28/06/2014

Disosmia

Disosmia s. f. : é uma doença que leva a uma percepção distorcida do olfacto.


Olívia Griselda

“Estás diferente”, disseste pouco depois do meu regresso.

“Passaram três anos”, respondi simplesmente, calando as palavras que me arranhavam por dentro.

Três anos de guerra. Três anos de guerra para voltar a casa desprovido de olfato. “Podia ser pior”, dirias, como disseste na noite em que cheguei, e que era o mesmo que dizer “isso não é nada”. Que há quem perca braços e pernas, que há quem se lhe voe os miolos. Ah, mas a morte assusta menos que a dor, e a física passa com o tempo, habituamo-nos. A outra não.

Deste-me a via da dúvida e esperaste alguns meses que me adaptasse. “É uma questão de tempo” dizias, para logo a seguir te desfazeres em lágrimas “é só o olfato, caramba!”, em jeito de acusação, por já não me aninhar em ti à noite, ou te recusar os abraços que me pedias, e que outrora vinham tão espontaneamente. Depois mais calma, de novo, “é uma questão de tempo”.

Passou-se um ano, parecia já não haver tempo. Fizeste as malas e saíste de casa, deitando-me um último sorriso triste. Deixaste-me por estar diferente, ignorando que quem tinha mudado eras tu.

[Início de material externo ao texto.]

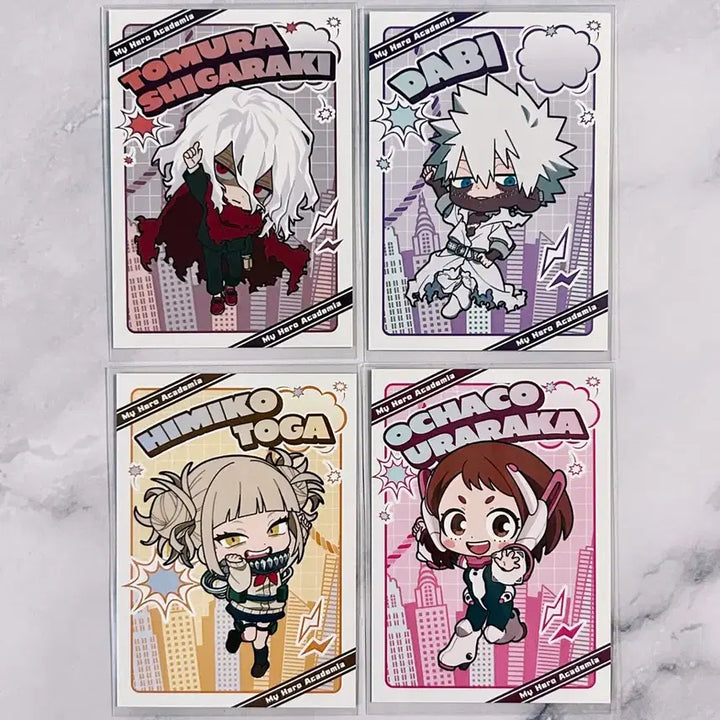 [BUNJANG] My Hero Academia Shigaraki Tomura, Dabi, Toga Himiko, Uraraka Ochako Medicos Mini Illustration Card Set / 히로아카 시가라키 토무라 다비 토가 히미코 우라라카 오챠코 메디코스 미니 일러스트 카드 나히아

Cheiras-me a pólvora. De cada vez que te abraço voltam os tiros, os gritos, os corpos a desfazerem-se sob as explosões. O cheiro a enxofre, a carne humana queimada, a feridas embrulhas em gazes imundas, escorrendo líquidos amarelados. Parece que volto a senti-los todos e ao mesmo tempo, sem saber ao certo qual deles me baralhou o olfato para sempre. A terra molhada é agora sangue coagulado. A compota ao lume, uma ida às latrinas. Até a maresia se transformou em centenas de corpos empilhados, decompondo sob o calor de um qualquer país do médio oriente terminado em “ão”.

E tu, cheiras-me a pólvora.

Deixei assim que te fosses de vez, “passaram três anos”, dizias tu, “estou diferente”, respondia eu. Fiquei sozinho nesta casa que tresanda a mofo, que tresanda a memórias que não consigo apagar. É só o olfato, caramba! Mas está presente durante todo o meu dia-a-dia, o olfato. Evito o café, que me sabe a vómito; o leite está sempre azedo; a água do duche lembra-me lagos estagnados. À noite, a minha cama guarda o cheiro dos refugiados, o cheiro de quem não se lava, de mil sem-abrigos agarrando-se aos meus pés, desesperados, pedindo ajuda; e o cheiro dos outros, que se cansaram de pedir, que já nem rastejam do seu canto onde se deixam apodrecer.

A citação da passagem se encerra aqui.